The part that was most embarrassing sitting in the class was the part when Cadorette mentioned that the Christians during the 16th century were mostly just duking it out with each other. Like, they had no enemy (that they could percieve, anyway) on the outside, so they turned in among themselves like adolescents and started beating the snot out of each other. Calvinists would burn heretics at the stake because they wouldn't conform to the laws of the city, Catholics and Lutherans were always at each other's throats, and everyone hated the Anabaptists. Instead of being God's kingdom on earth, each sect decided that they were already good enough, but the rest of the world - now THEY were messed up.
The arrogance of this astonishes me. I don't pretend to have anything together - that would make me a hypocrite - but I worry that lots of people have gotten this notion that their whole life is fine because somebody else's is worse. Take Calvin for example. He said a lot of good things in his Institutes. I haven't read the whole thing, but it seems pretty solid. Then he gets to the bit about predestination. I'm sorry, but ... he missed the boat on this one. Predestination is used in the theology not as it is in scripture (in scripture, the paradox is that predestination and free will are BOTH true), but as a tool to make people afraid enough to conform to the governing system.
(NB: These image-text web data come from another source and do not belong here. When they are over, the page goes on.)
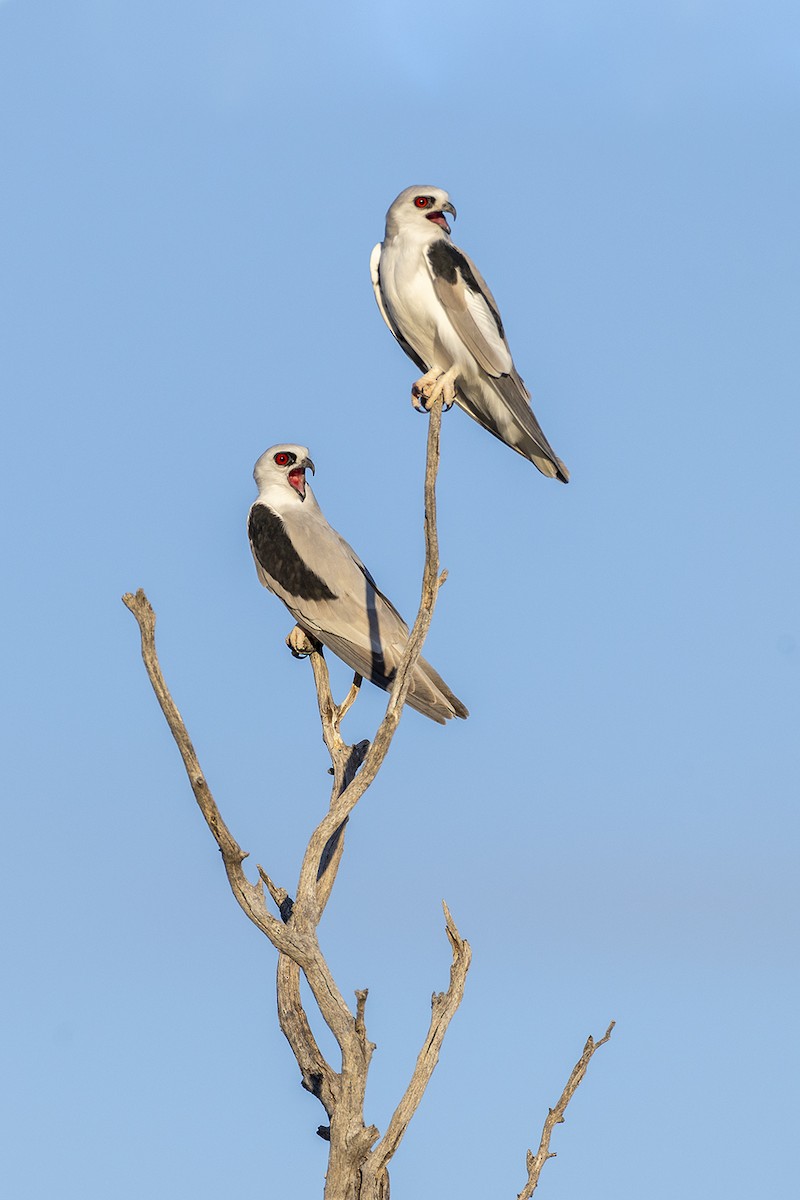 Letter-winged Kite - ML656777083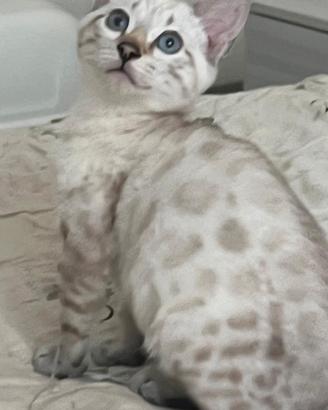 Cuccioli gatto bengala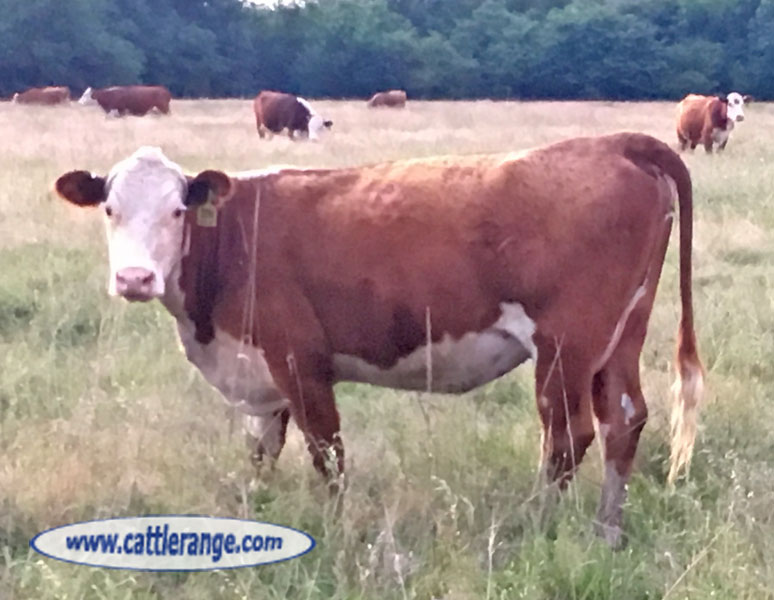 Cattle Range Listing Image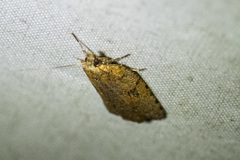 Meritastis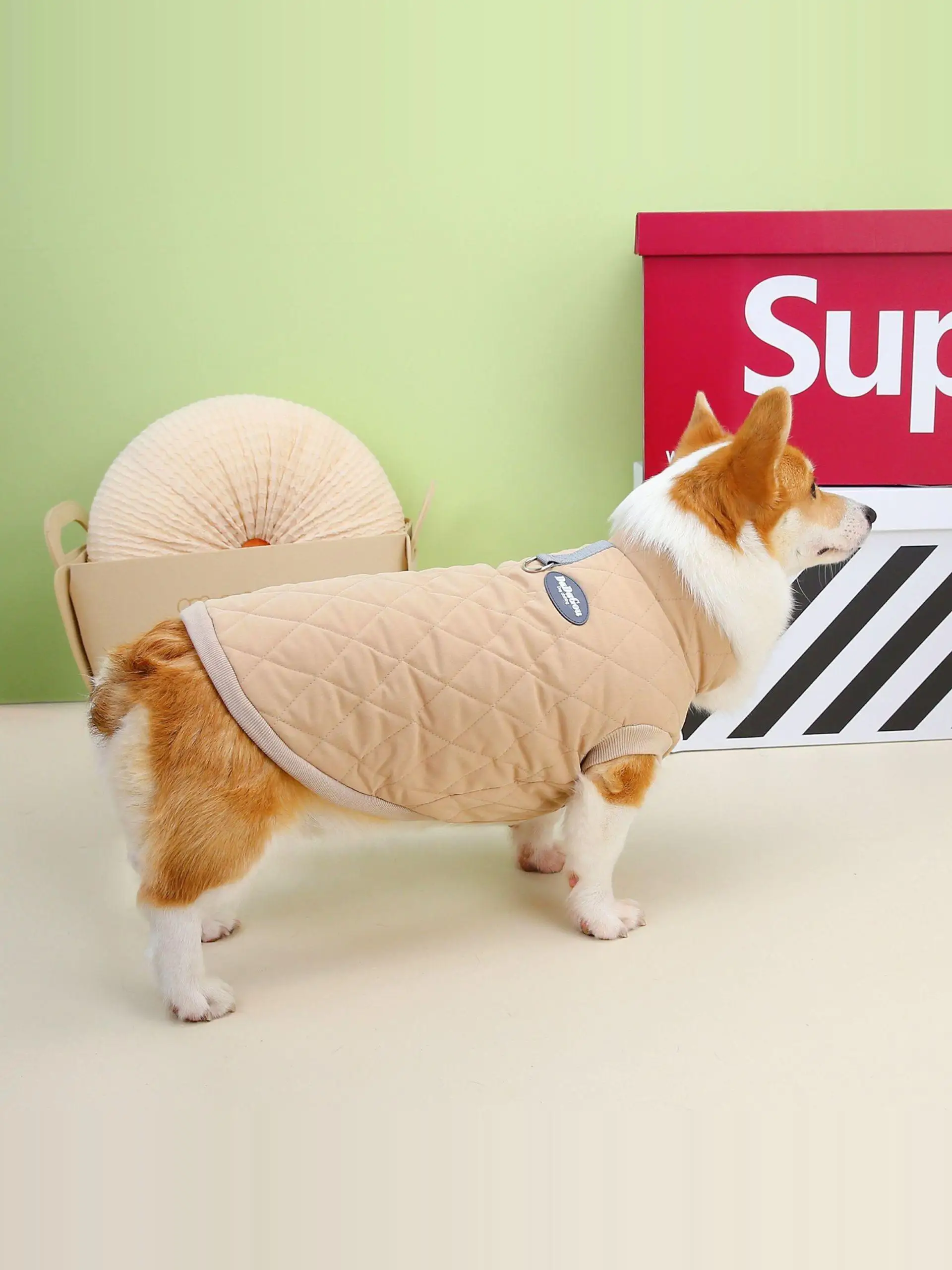 犬のお散歩グッズをコスパ良く揃える方法　フリースベストの選び方徹底解説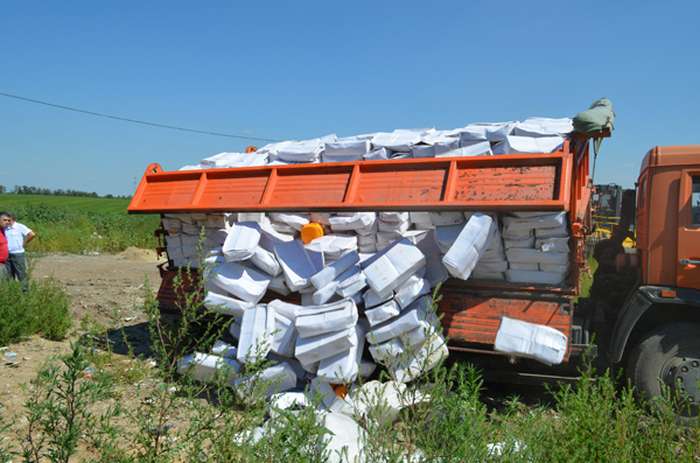 У Білгородській області знищили 10 тонн «санкційного» сиру (9 фото)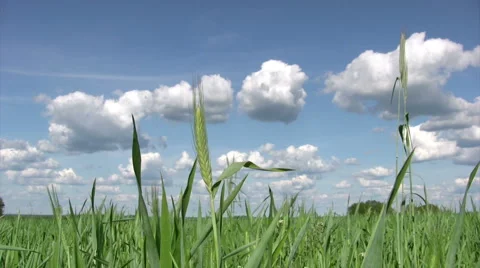 Young wheat grass on springtime 스톡 동영상 6077974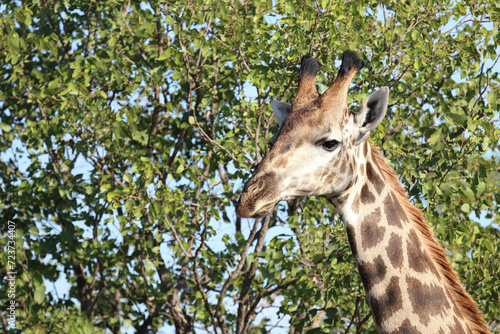 Canvas Print Giraffe / Giraffe / Giraffa camelopardalis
In some ways, this was brilliant, because you can make people behave however they want to. But it's terribly un-Godly. Forcing your view on somebody is not a Godly property. There's another paradox - it's living the lifestyle and showing people that it really is better to know God than not, but not forcing it down their throats. I'm not in any way condoning relativism - Jesus really is the only way to God, and if you think scripture says otherwise, you're kind of fooling yourself. But this doesn't undermine Jesus' other teachings about compassion and mercy and protecting the lost, the broken, the losers, the unwhole, the confused, and the downtrodden.
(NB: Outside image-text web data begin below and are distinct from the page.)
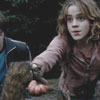 Mione Jane Malfoy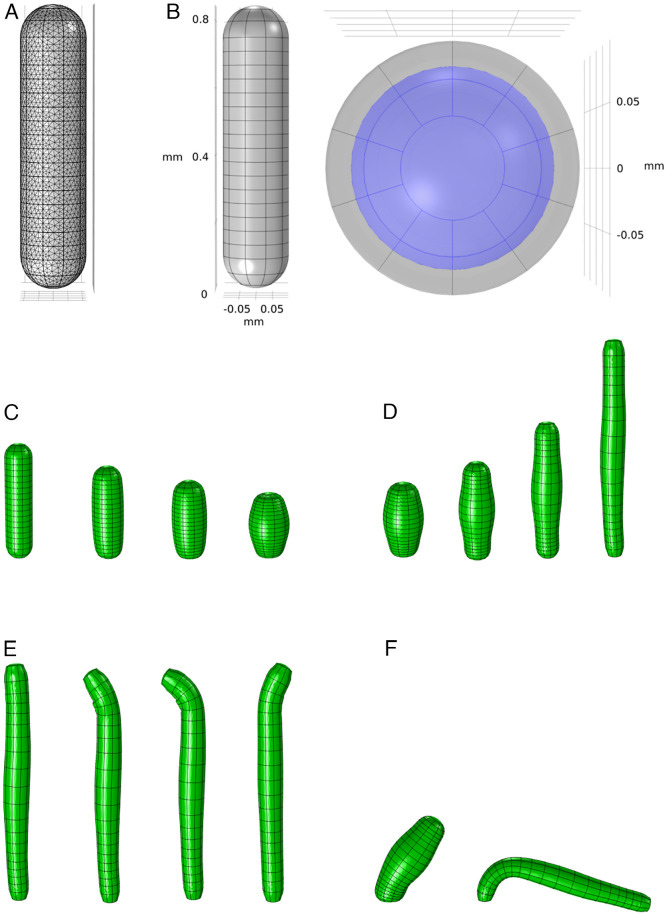 Fig. 6.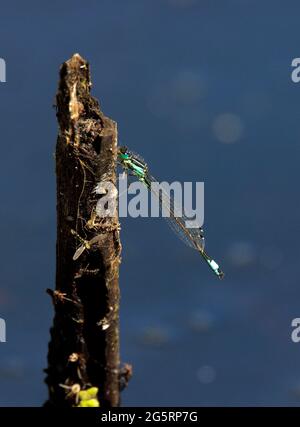 Blue Tailed Damselfly Stock Photo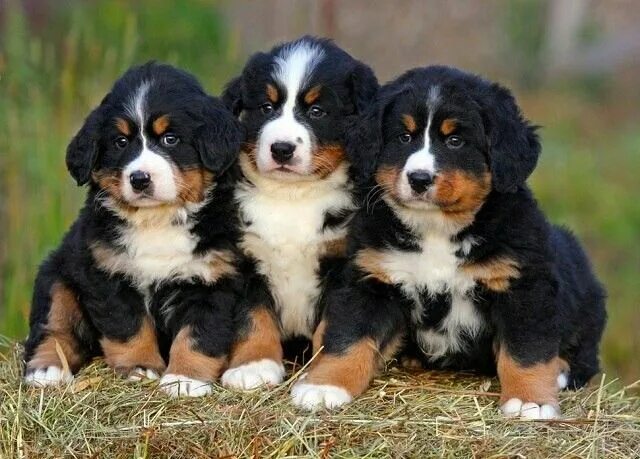 Порода собаки бернский зенненхунд фото Pin by Макарова Светлана on собачки Bernese mountain dog, Animals, Dogs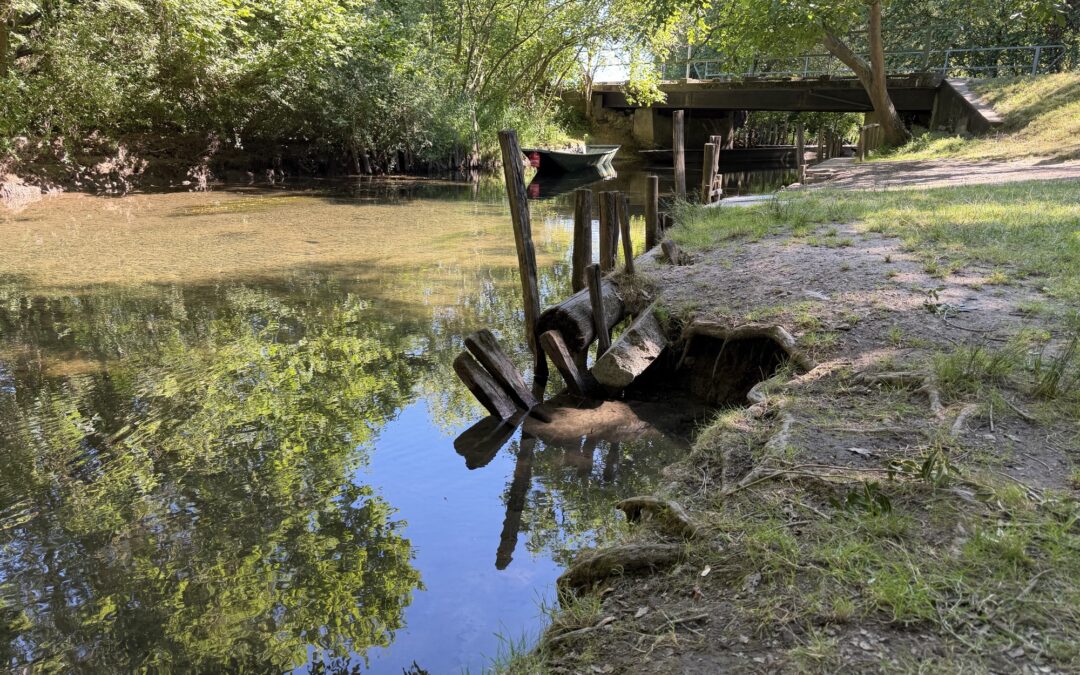 Riverside scene with calm water, reflections of trees, a weathered wooden fence along the shore, and a bridge in the background.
Which, as I'm growing to understand it, is pretty much this whole freakin' planet.
I was at Willow Creek last year and had the good fortune to hear Erwin McManus speak, and then got to meet him in person. Very cool guy, by the way. But I asked him something that had been nagging at me for a while. See, I go to this way liberal university where being a Christian is a horrible thing, but anything else is ok. And through his talk, Erwin talked about all these ways to reach the lost and broken. And I asked him, "how can you reach a campus of people who are rich and have everything they could seemingly want? I don't get it, they've got everything and seem perfectly content!" And he looked at me and said "that's easy, see, they just don't know that they're missing something."
And so I guess you have to show them what they're missing. Not by pointing your finger at them and yelling "you're lost in a sea of your own sin. Repent or burn!" That's not the right way. You live the life. You show them that Jesus makes your life (as He really does) worth living, that life is deeper and better because Jesus is involved. No, it's not easy, and it's not care-free, and it's not a guarentee that you'll never doubt again, but it's more fulfilling, more satisfying than any other life - in short, it's an adventure. You never know what God might tell you next, where to go, or where to stop.
I love that image of my faith more than any other. Christ is a guy who's worth knowing, and worth devoting your life to - you can take my word on that.